### REQUIRED ACTION:
After locating the line that contains "appartamento in affitto" in the records below, write out exactly that line and each line after it through the one that contains "media/Jun-08-2025-TrackDaz (Sun) [[dc1ba13c79]]/A", and nothing else.

EXERCISE DATA Block Start

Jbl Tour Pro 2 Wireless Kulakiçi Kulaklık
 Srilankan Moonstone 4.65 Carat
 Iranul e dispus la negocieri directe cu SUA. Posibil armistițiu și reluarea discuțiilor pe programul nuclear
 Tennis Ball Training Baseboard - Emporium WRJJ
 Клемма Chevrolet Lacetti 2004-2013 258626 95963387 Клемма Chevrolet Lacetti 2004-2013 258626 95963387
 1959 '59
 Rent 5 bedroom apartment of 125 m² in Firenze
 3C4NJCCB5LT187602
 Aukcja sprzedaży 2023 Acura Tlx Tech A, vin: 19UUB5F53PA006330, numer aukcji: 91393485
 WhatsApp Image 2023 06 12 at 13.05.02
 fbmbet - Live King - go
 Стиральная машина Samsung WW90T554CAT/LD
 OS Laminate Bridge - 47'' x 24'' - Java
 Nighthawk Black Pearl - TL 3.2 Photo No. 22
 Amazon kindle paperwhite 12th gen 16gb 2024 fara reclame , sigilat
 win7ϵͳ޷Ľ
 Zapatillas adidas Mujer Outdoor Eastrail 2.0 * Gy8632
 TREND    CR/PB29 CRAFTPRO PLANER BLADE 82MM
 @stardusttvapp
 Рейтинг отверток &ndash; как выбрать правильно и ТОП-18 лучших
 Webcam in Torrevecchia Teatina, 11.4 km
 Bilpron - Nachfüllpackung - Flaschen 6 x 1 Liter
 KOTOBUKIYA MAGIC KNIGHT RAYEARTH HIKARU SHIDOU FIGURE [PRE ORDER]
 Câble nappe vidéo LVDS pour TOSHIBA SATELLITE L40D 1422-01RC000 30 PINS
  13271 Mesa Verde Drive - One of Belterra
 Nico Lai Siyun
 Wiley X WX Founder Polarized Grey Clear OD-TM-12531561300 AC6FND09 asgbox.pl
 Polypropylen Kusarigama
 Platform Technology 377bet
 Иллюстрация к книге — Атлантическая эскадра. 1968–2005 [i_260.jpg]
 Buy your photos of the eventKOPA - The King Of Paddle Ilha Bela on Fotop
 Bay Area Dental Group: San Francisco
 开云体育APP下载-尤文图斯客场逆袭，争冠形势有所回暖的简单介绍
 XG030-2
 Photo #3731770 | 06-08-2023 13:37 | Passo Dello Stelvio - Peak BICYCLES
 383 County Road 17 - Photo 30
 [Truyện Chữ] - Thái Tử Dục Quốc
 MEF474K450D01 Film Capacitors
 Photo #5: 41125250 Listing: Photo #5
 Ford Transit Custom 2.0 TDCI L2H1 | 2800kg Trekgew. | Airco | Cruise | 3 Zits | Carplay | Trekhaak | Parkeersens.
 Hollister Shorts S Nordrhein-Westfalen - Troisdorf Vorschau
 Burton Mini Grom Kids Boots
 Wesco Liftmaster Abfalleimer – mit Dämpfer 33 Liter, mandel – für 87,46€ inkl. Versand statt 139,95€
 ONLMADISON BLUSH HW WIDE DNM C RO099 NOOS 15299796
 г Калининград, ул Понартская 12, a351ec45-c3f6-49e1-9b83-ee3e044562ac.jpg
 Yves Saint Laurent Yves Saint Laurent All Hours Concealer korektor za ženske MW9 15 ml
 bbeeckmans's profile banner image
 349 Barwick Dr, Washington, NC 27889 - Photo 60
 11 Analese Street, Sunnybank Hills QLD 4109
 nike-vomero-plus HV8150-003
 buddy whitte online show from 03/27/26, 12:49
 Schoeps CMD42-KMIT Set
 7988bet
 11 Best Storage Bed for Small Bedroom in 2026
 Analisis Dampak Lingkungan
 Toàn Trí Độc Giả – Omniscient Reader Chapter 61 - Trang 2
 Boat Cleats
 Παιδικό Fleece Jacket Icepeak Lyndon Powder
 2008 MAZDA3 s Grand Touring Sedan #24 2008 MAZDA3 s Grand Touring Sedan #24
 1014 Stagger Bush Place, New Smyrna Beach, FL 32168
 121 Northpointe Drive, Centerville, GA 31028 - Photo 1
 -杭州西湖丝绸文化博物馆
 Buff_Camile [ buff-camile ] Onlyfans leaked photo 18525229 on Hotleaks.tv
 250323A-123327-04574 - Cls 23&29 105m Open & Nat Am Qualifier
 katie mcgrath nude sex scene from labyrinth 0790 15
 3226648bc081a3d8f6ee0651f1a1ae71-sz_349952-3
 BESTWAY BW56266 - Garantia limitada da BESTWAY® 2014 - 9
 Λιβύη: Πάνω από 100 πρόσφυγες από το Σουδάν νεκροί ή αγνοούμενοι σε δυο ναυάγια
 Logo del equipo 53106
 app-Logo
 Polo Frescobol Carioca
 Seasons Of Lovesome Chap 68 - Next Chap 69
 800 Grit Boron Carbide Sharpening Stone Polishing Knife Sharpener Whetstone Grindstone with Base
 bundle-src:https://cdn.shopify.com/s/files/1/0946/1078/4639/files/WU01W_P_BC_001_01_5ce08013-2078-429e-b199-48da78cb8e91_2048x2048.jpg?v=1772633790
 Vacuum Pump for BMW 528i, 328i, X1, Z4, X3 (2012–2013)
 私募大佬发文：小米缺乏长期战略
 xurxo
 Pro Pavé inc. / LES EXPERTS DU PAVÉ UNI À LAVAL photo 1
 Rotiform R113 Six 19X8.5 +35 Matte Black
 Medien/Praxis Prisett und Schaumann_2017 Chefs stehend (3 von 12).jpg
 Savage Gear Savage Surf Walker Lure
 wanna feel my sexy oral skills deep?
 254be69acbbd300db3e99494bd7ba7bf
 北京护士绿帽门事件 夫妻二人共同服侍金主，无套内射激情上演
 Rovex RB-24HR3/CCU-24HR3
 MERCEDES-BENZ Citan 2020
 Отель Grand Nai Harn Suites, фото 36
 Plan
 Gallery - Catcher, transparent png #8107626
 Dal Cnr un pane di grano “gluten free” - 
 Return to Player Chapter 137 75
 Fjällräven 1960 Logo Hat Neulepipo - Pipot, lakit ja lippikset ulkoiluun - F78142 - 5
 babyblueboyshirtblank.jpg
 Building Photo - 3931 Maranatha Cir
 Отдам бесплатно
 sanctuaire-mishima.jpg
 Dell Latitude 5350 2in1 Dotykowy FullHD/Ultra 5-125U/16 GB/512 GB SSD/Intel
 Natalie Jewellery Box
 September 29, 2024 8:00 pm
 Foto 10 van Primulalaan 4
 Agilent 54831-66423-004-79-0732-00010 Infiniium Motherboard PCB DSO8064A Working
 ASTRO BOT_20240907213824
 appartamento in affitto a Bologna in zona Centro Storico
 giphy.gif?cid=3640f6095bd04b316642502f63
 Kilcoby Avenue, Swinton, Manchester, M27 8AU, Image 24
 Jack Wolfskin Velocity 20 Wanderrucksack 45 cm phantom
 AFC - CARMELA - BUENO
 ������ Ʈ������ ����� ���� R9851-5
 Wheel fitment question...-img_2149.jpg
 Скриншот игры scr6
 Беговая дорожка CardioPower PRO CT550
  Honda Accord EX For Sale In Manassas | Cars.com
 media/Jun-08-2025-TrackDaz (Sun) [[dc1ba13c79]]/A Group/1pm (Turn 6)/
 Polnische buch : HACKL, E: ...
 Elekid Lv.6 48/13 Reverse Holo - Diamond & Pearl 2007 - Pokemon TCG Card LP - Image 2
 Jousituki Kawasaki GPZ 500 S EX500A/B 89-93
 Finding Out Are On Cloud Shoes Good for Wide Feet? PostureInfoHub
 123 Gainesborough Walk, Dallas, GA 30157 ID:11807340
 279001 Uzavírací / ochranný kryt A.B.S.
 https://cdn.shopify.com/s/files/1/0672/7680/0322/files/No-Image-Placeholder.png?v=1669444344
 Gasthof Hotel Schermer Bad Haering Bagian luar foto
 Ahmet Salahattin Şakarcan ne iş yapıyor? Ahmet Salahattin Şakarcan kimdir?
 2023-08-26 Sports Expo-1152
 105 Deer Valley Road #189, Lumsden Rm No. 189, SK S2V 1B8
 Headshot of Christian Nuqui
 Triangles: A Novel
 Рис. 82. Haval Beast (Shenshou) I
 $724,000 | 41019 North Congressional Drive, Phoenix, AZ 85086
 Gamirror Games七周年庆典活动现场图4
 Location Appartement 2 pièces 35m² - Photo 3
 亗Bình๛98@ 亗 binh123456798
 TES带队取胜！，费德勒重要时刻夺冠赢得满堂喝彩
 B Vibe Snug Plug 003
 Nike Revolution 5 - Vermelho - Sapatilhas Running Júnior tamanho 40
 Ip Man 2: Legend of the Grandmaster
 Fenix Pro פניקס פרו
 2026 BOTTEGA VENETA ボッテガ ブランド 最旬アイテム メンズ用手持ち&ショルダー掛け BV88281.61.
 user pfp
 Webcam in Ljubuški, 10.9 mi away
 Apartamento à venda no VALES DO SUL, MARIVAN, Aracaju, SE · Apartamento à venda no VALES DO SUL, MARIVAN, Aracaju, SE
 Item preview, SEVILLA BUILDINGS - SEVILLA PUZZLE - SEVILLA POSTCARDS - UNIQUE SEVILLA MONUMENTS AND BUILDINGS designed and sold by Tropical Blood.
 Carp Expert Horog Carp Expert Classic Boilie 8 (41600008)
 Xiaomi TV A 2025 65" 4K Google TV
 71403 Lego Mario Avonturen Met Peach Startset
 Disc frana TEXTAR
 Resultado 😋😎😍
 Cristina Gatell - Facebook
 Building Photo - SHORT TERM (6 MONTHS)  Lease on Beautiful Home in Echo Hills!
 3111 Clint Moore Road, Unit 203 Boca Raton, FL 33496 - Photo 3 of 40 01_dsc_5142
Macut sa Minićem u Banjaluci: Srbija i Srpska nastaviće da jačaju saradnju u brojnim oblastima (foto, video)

EXERCISE DATA Block End

### OUTPUT:
 appartamento in affitto a Bologna in zona Centro Storico
 giphy.gif?cid=3640f6095bd04b316642502f63
 Kilcoby Avenue, Swinton, Manchester, M27 8AU, Image 24
 Jack Wolfskin Velocity 20 Wanderrucksack 45 cm phantom
 AFC - CARMELA - BUENO
 ������ Ʈ������ ����� ���� R9851-5
 Wheel fitment question...-img_2149.jpg
 Скриншот игры scr6
 Беговая дорожка CardioPower PRO CT550
  Honda Accord EX For Sale In Manassas | Cars.com
 media/Jun-08-2025-TrackDaz (Sun) [[dc1ba13c79]]/A Group/1pm (Turn 6)/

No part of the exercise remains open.